##### Records shown #####

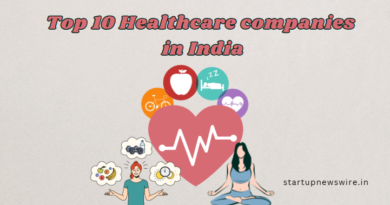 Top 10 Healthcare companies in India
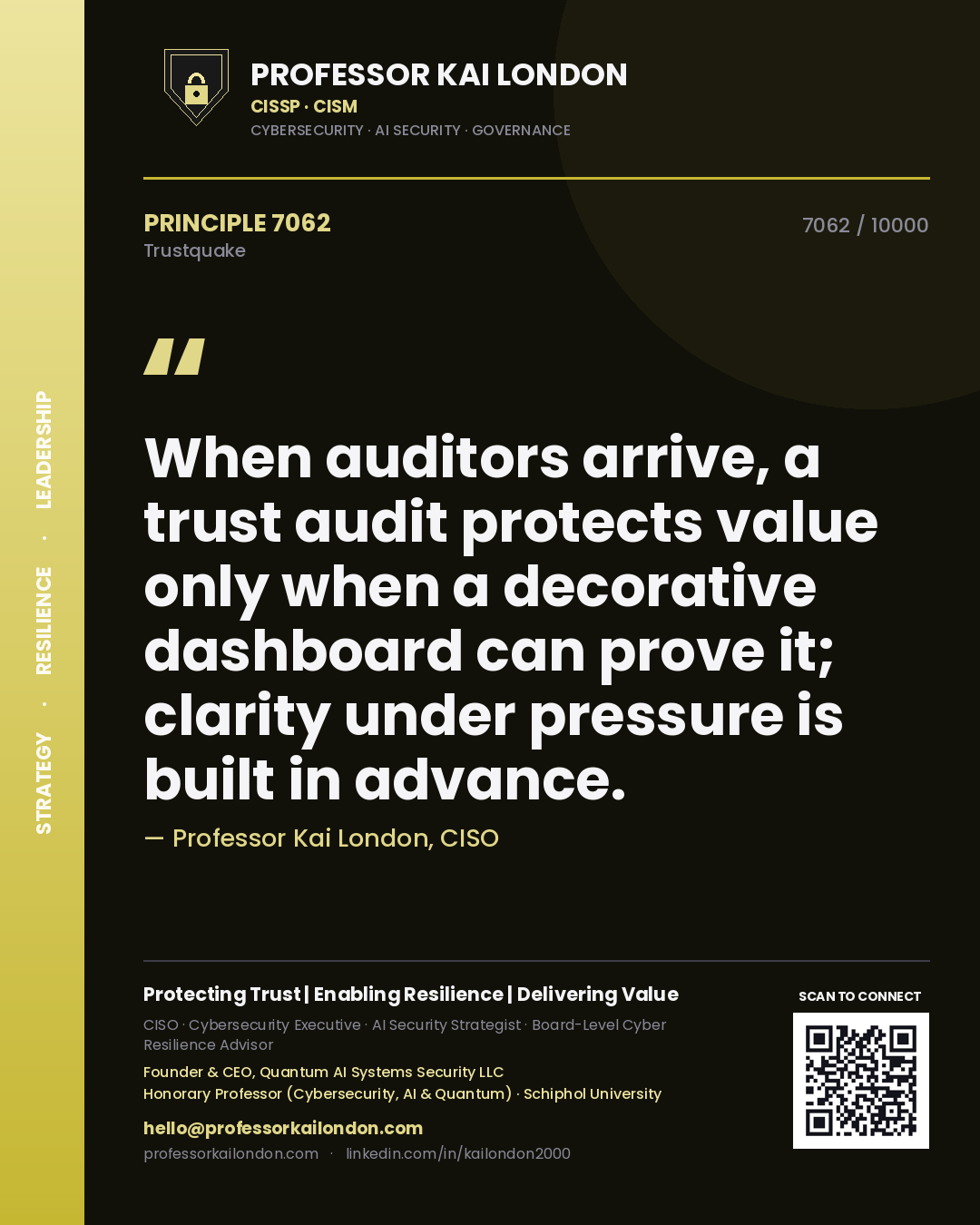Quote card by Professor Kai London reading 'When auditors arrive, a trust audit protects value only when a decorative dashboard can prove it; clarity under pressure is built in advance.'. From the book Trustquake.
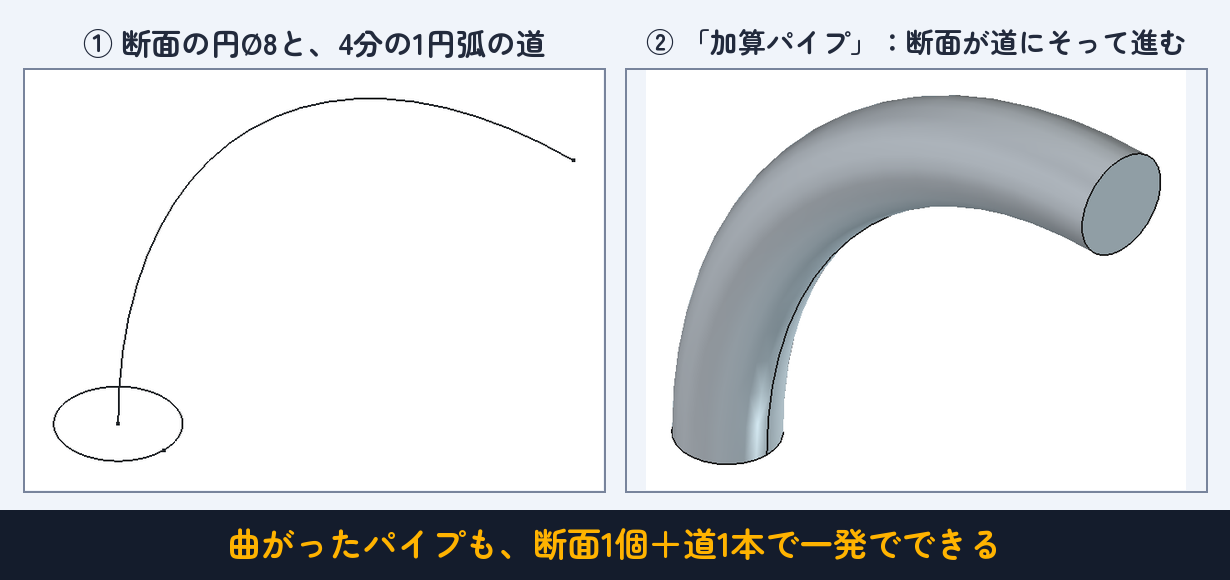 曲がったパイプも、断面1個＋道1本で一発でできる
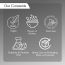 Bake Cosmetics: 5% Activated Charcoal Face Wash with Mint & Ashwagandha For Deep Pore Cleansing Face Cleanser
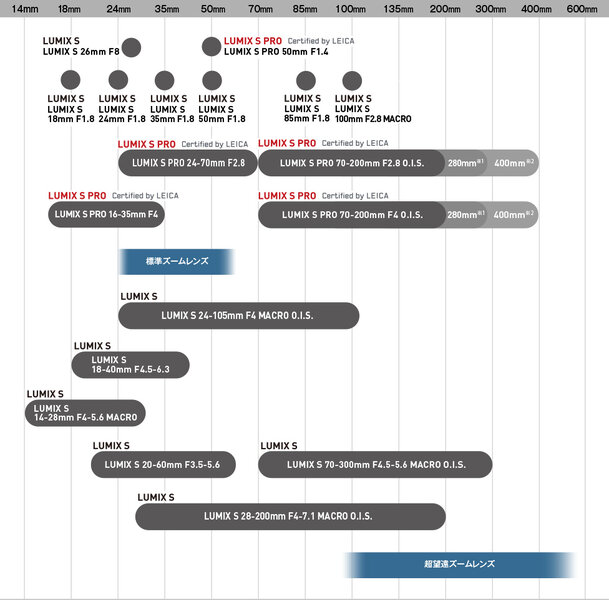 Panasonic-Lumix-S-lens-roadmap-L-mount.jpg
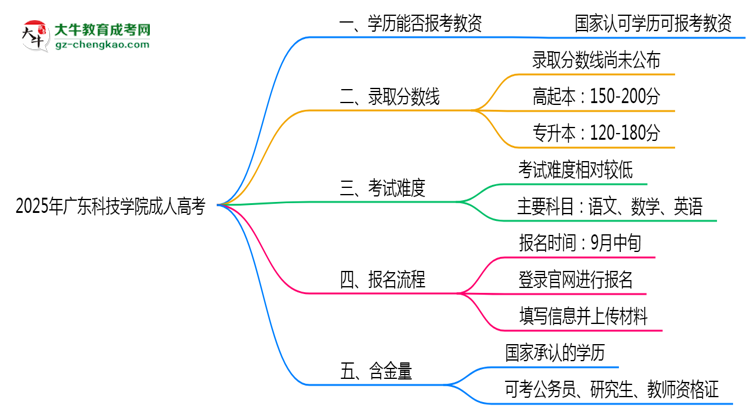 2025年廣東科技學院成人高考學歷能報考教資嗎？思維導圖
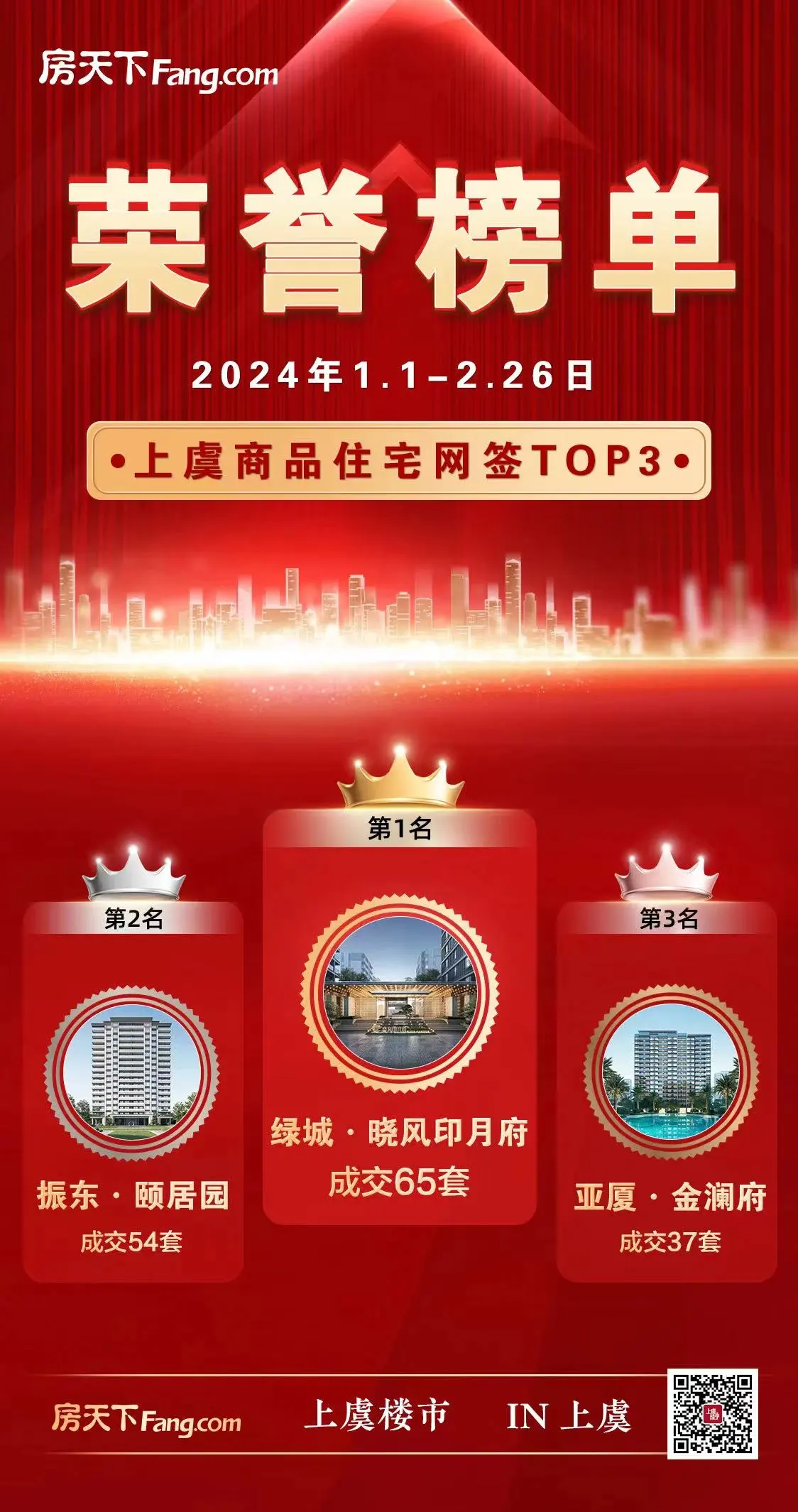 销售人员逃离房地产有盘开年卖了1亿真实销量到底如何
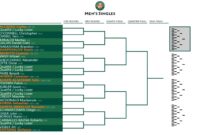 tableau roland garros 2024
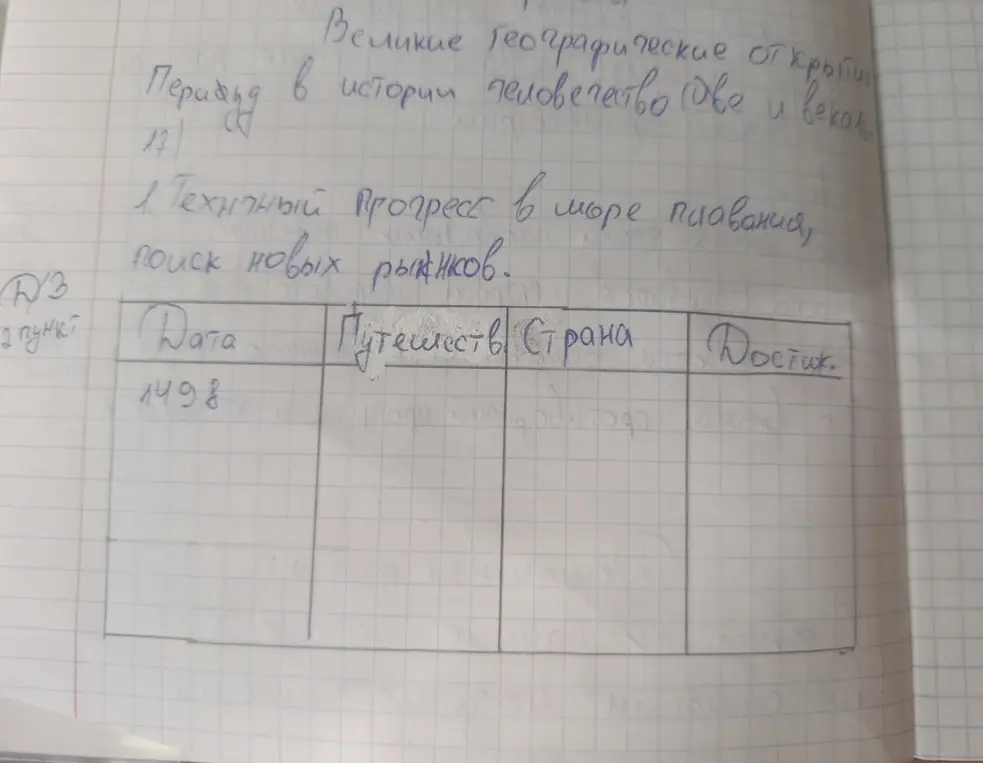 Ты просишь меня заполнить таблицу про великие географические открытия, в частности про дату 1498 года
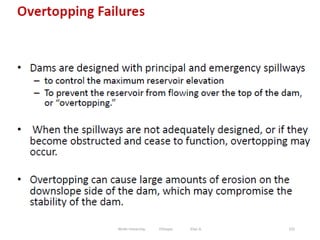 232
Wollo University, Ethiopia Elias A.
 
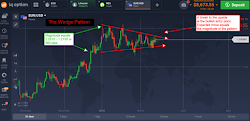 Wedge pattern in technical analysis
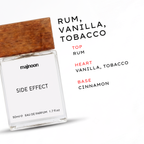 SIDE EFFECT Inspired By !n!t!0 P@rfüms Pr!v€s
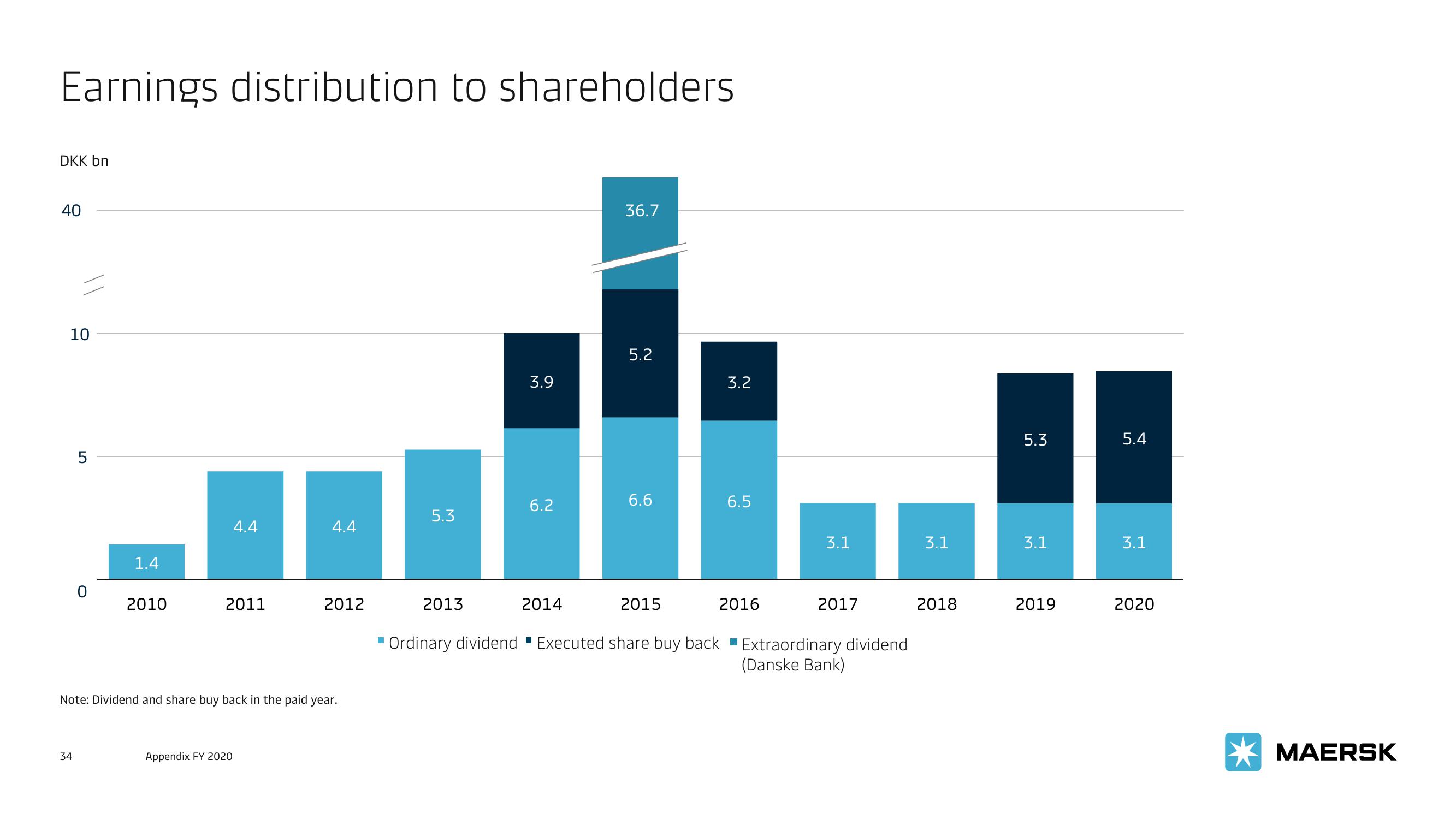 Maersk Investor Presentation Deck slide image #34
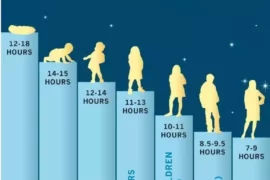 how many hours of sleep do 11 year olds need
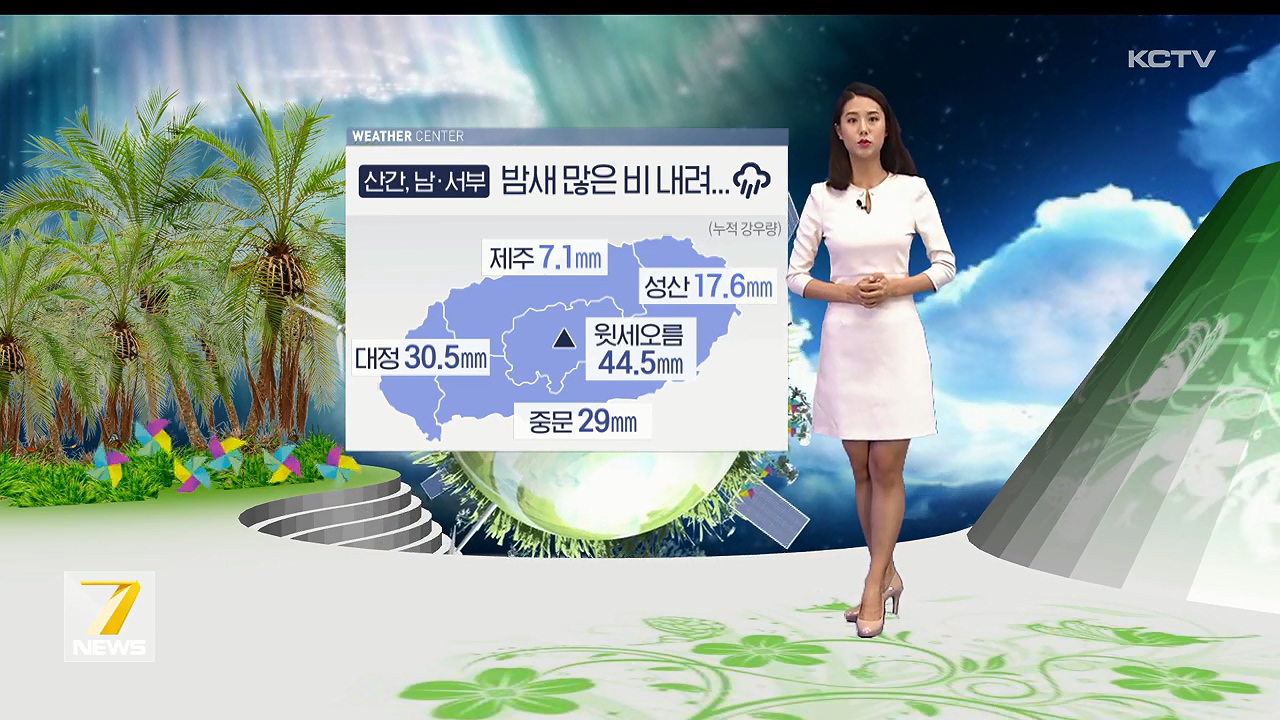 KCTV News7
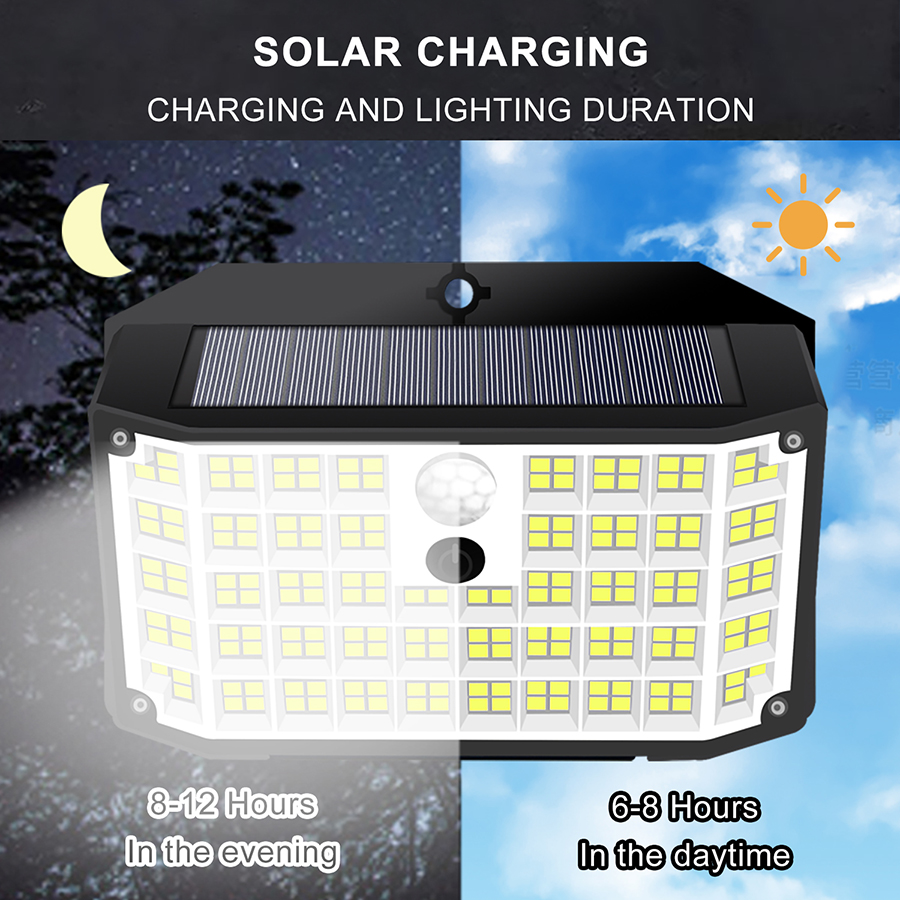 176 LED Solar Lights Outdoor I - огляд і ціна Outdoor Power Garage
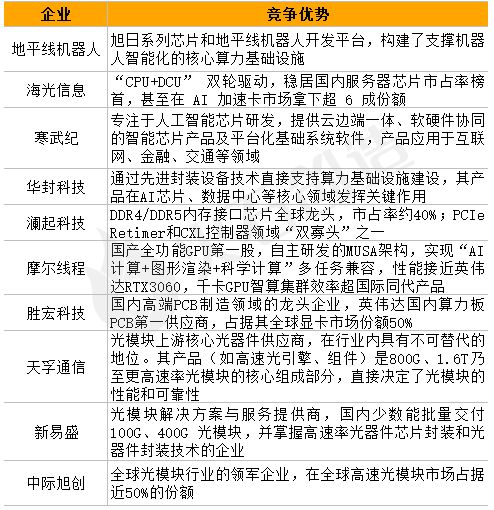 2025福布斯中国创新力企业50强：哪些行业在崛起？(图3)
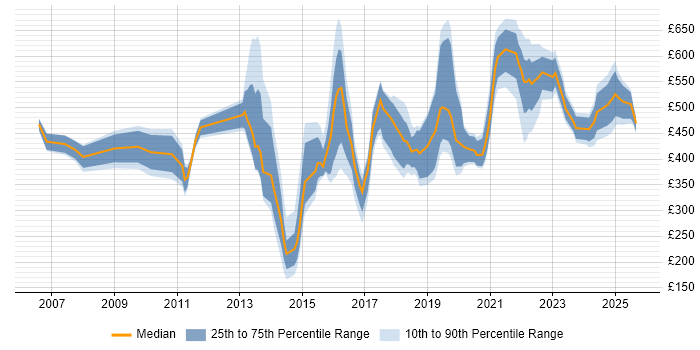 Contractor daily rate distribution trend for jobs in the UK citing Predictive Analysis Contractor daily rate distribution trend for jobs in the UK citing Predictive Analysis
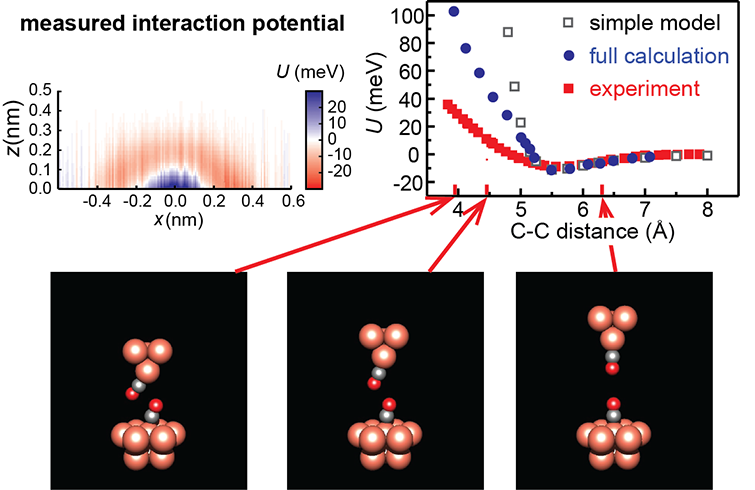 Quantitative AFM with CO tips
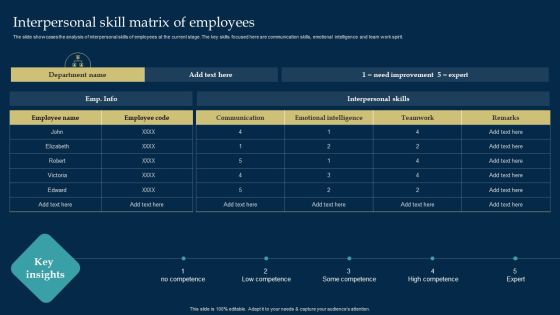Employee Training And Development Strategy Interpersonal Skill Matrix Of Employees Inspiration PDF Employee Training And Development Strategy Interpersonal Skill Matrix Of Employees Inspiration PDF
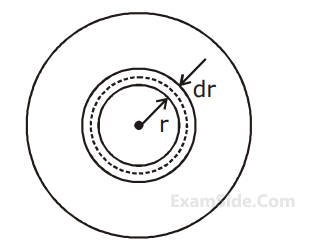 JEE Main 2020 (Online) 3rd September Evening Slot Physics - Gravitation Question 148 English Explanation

#####

### [The task]
Would you please print only the lines running from the one with "how many hours of sleep do 11 year olds need" to the final line of the entries above, exactly as written and without pictures?

### [Expected output]
 how many hours of sleep do 11 year olds need
 KCTV News7
 176 LED Solar Lights Outdoor I - огляд і ціна Outdoor Power Garage
 2025福布斯中国创新力企业50强：哪些行业在崛起？(图3)
 Contractor daily rate distribution trend for jobs in the UK citing Predictive Analysis Contractor daily rate distribution trend for jobs in the UK citing Predictive Analysis
 Quantitative AFM with CO tips
Employee Training And Development Strategy Interpersonal Skill Matrix Of Employees Inspiration PDF Employee Training And Development Strategy Interpersonal Skill Matrix Of Employees Inspiration PDF
 JEE Main 2020 (Online) 3rd September Evening Slot Physics - Gravitation Question 148 English Explanation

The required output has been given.